[Prompt] All that is needed is an exact copy of the lines from the beginning of the data below through the line containing "2.09ct Unheated Ruby", minus the pictures.

[Data extract]
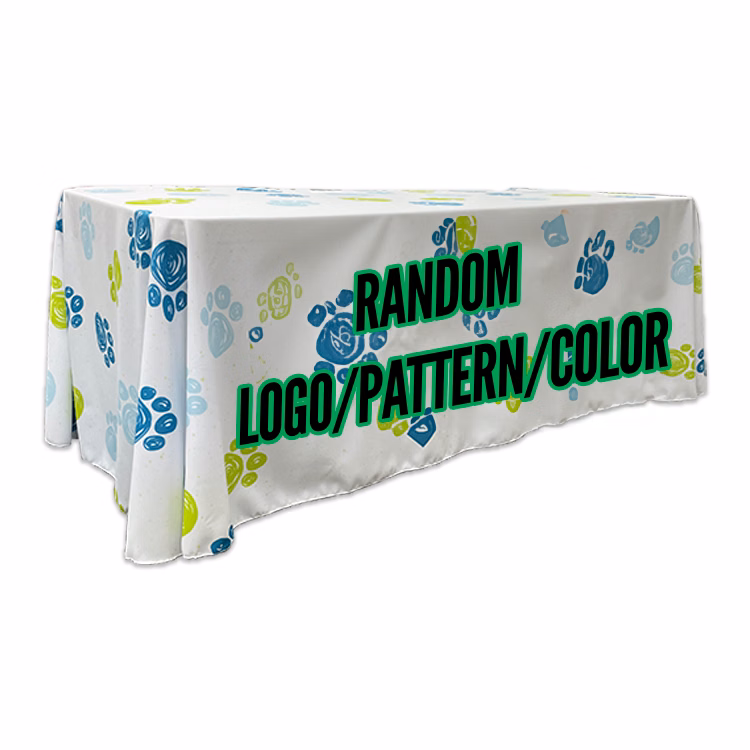 6 ft. Throw PolyKnit™ Table Cover RANDOM SAMPLE (Dye Sub Full Cloth)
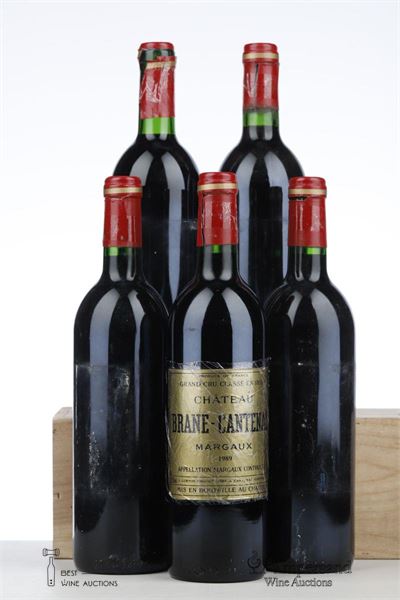 BRANE CANTENAC 1989 - Mc - 5 Bottles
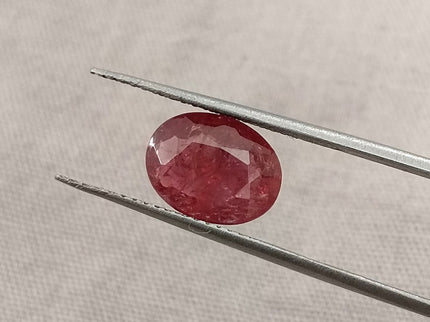 2.09ct Unheated Ruby Mozambique Natural Deep Orangish Red SGL Certified Loose Gemstone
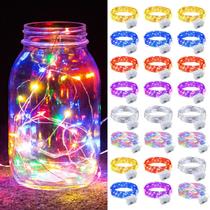 Fairy Lights ZGWJ 20 LED, operado por bateria, 7 pés, pacote com 24 Fairy Lights ZGWJ 20 LED, operado por bateria, 7 pés, pacote com 24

[Reply]
 6 ft. Throw PolyKnit™ Table Cover RANDOM SAMPLE (Dye Sub Full Cloth)
 BRANE CANTENAC 1989 - Mc - 5 Bottles
 2.09ct Unheated Ruby Mozambique Natural Deep Orangish Red SGL Certified Loose Gemstone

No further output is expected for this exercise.